Month: January 2018

  • Snow

    I went to work in the snow this morning. It wasn’t a major storm, as the snow melted as soon as it hit the ground, but it did coat cars and the trees. I did have to put my hat on, puffy coat and snow boots (more for aesthetic than need) to commute across the city.

    Having grown up in Texas, snow was such a rare and life disrupting event. In New York, it takes a blizzard to shut the City down. In Texas, everything comes to a halt if it starts snowing, regardless if it sticks or not.

    The first time I saw snow was when I was five or six. I had gone to bed, and in the morning, my mother got me up, saying that she had a surprise for me. She took me to the sliding glass door that opened to the back yard. She had the curtain drawn, and made me stand in front of it. I remember being so sleepy confused as to what was happening. Then she pulled the curtain with a whoosh, and I saw the perfect white of snow covering our bare rectangled backyard. I just had to go out in it, and she dressed me and let me run free. I made a snowman, and threw snowballs at the fence and over it. Snow angels and just stomping around in it. I’m 40 years old, and snow is still a treat to me.

  • Marching

    Today marks one year since Trump was sworn in. Tomorrow will be one year since the Women’s March, which we took part in. We never made it to 5th Ave, as the crowd was so large, but it was good time protesting the president. With the wife and the kid, and 400,000 other people, it did feel like we all were contributing, and resisting what we all knew could be a huge roll back of all of our freedoms.

    At the conclusion of this first year of the Trump presidency, I do feel completely justified in our protest. I also see the need for today’s Women’s March as well. If we don’t stand up now, then we will continue to see more and more of our freedoms attacked.

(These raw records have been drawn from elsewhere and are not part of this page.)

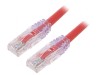 Patch Cord TX6A 10Gig U/UTP PVC Roșu 2m 24AWG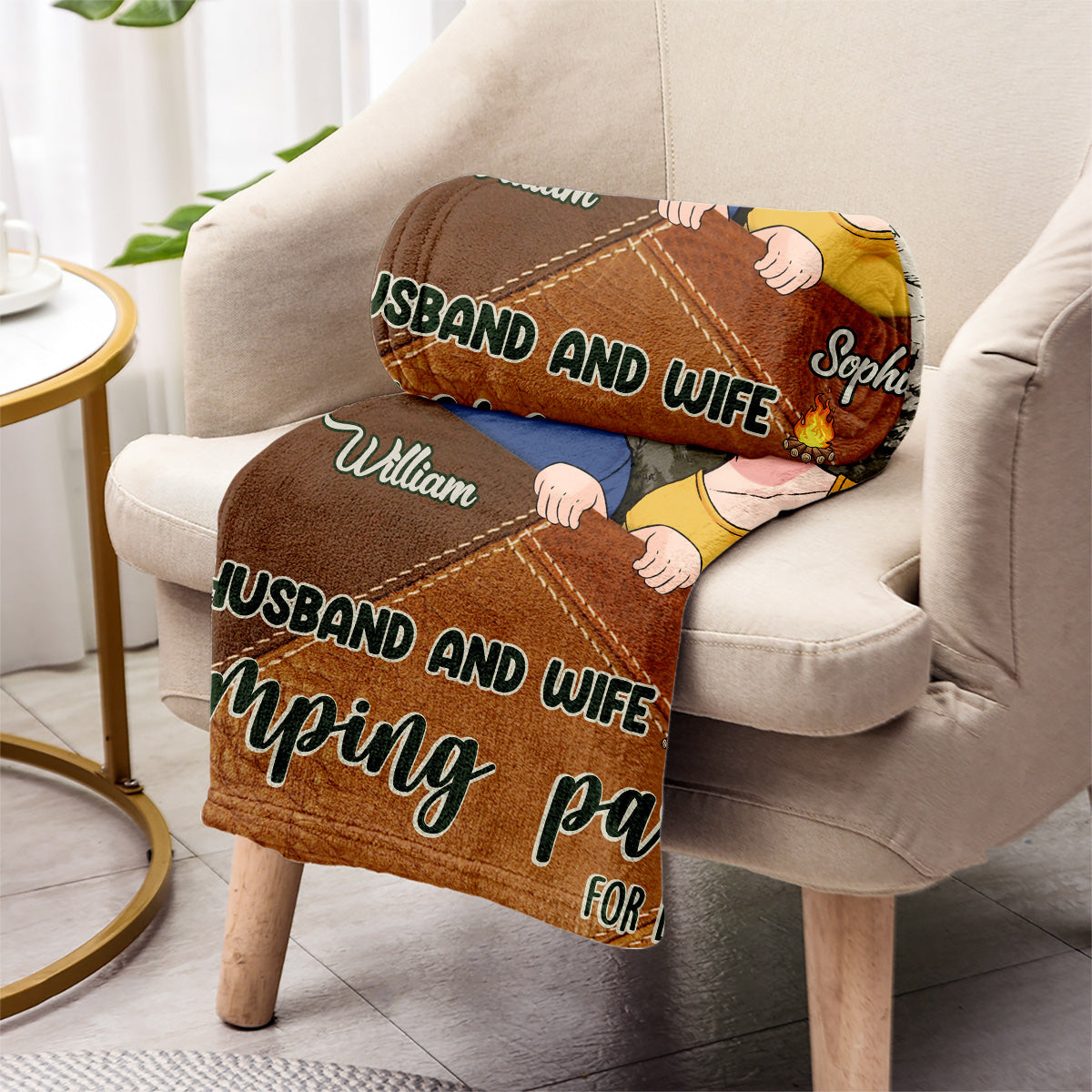 Camping Partners For Life - Personalized Camping Blanket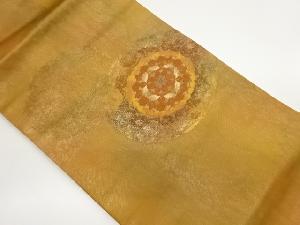 引箔華紋模様織出し名古屋帯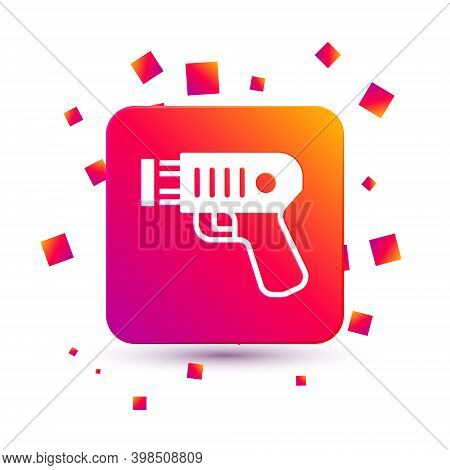 White Police Electric Shocker Icon Isolated On White Background. Shocker For Protection. Taser Is An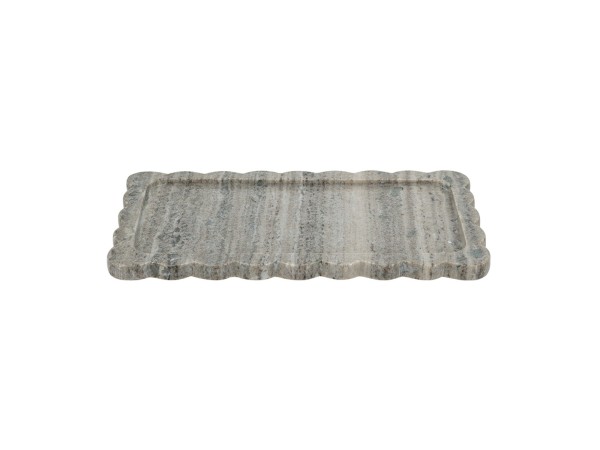 Artekko Marble Γκρι Μαρμάρινος Δίσκος Πλατό (35.5x20x1.8)cm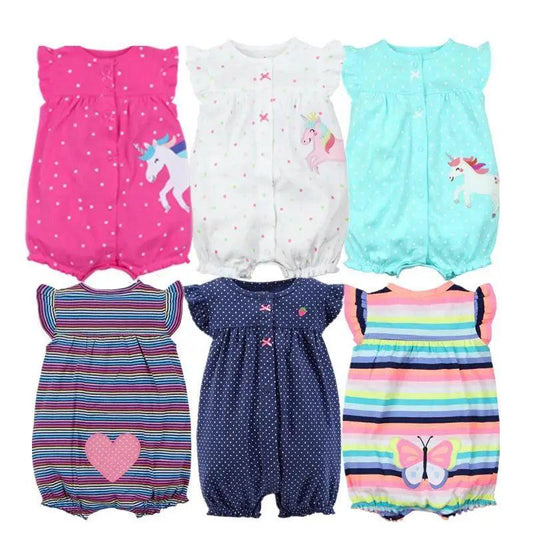 Baby Girl Clothes One-Piece Jumpsuits Baby Clothing Cotton Short Romper Infant Girl Clothes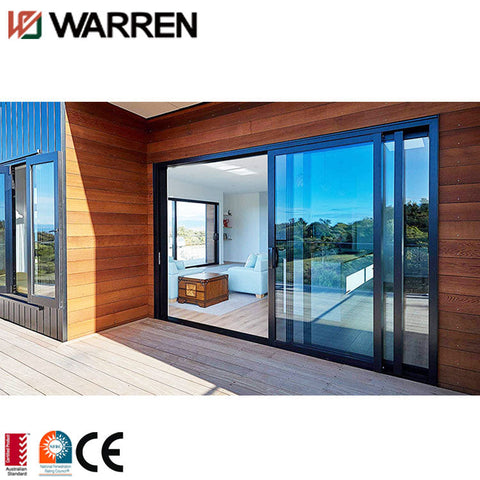 Hidden slide door interior sliding glass doors system aluminum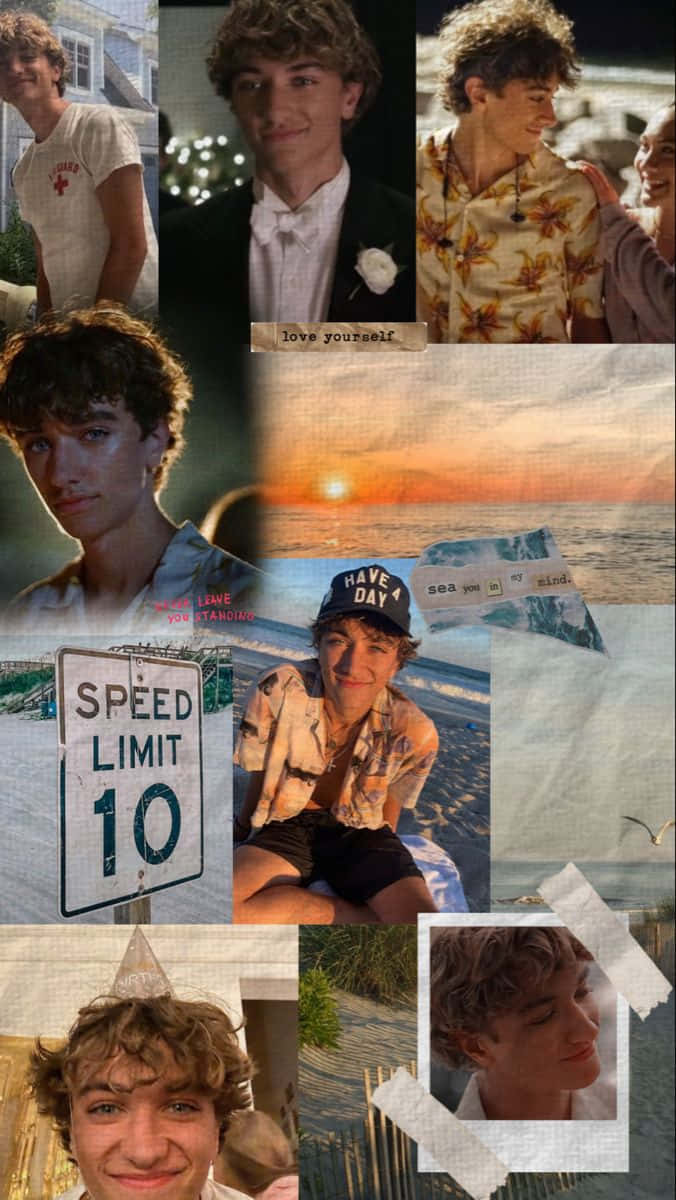 Jeremiah Fisher Summer Vibes Collage Wallpaper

    But after the marches, the real work lays before us. It’s the next day that is more important, for that is the day when we have to start the process of getting ready for the midterm elections. I am encouraged by all the candidates that are stepping up to run. I see all the work my friends are doing to turn out the vote. And the constant talking about these issues, which continues to get people engaged.

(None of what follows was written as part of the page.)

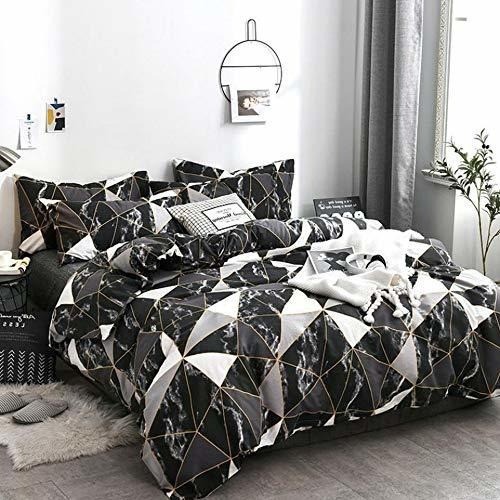 Edredón Negro Jumeey Reina Blanco Plateado Gris Oro Ropa De 1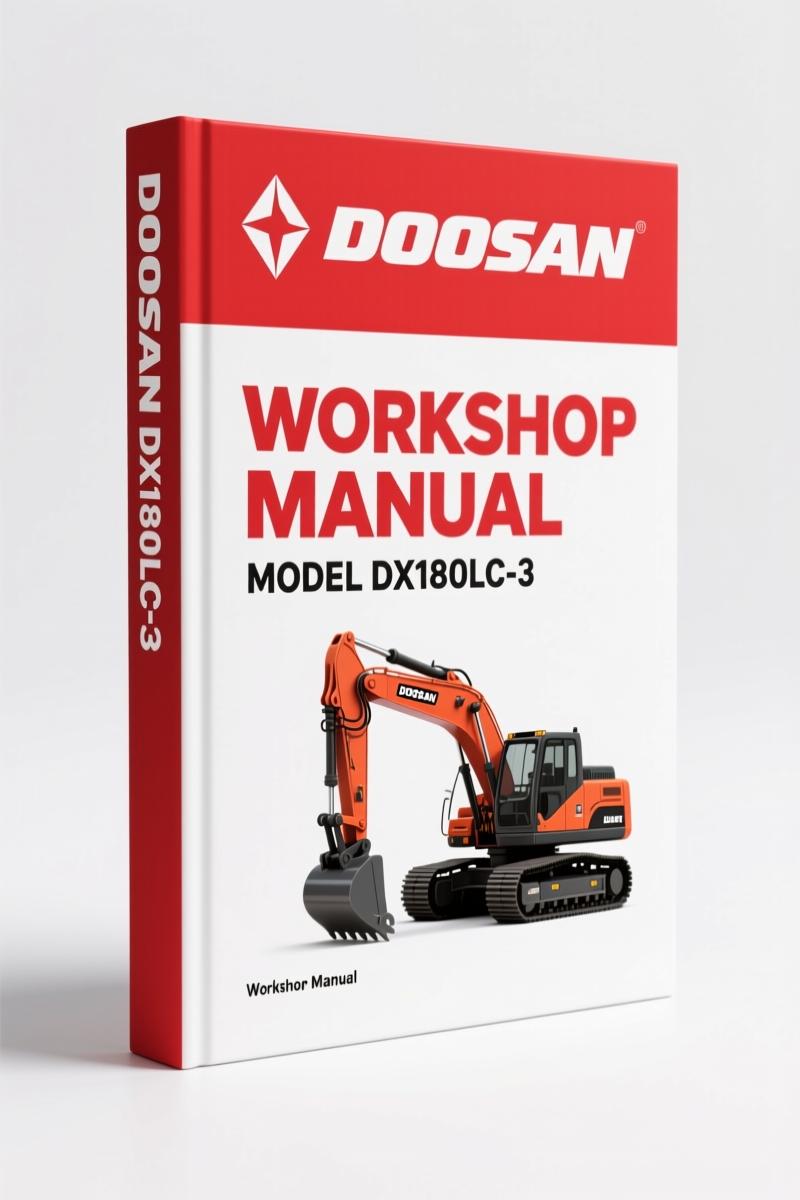 Doosan DX180LC-3 2012 Workshop Manual – 882-Page OEM Service Specs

    Will there be a huge blue tide that will rise in November? Maybe… Maybe state houses and Congress will flip… Maybe. What I hope happens is that more people turn out to vote than ever before. And that tide, the tide of voting, keeps building and swelling election after election.

  • News Media

    I am not a fan of VICE Media. There is something about the organization that has always rubbed me the wrong way. It’s like they want to be the more adult Buzzfeed, but what they come across to me is a Dan Cortese BK Tee-Vee commercial from the 90’s. Now, I do fully admit that they do get it right when it comes to their reporting, especially in regard to how they covered all the Charlottesville violence. I might not like the package it’s in, but it is a solid product.

    I bring all of this up for a good reason, and it’s that I think news media will start to function more in the VICE model. Not in the sense that traditional media will hire a bunch of millennials with weird glasses and bad haircuts… I think traditional media will start to be more of a combination of print, video and social. Diversifying their reach.

    The New York Times has started to do this with some of their feature reporting. Their story, “Deliverance From 27,000 Feet” is a piece that has to be read online to get the full impact of the videos, photographs and images. The use of all these different forms of media, enhanced the reporting when it came to this specific story, and I think it is only a matter of time before more newspapers start moving in this direction.

    Furthermore, to take this all back to VICE again, as they now have their own cable network, VICELAND, this is what traditional media will end at; just becoming all-encompassing media companies. Though focused on news, I would not be surprised if The New York Times soon start their own cable channel with 24-hour news, and programming, which is all tied together in a social media way with the newspaper and the website.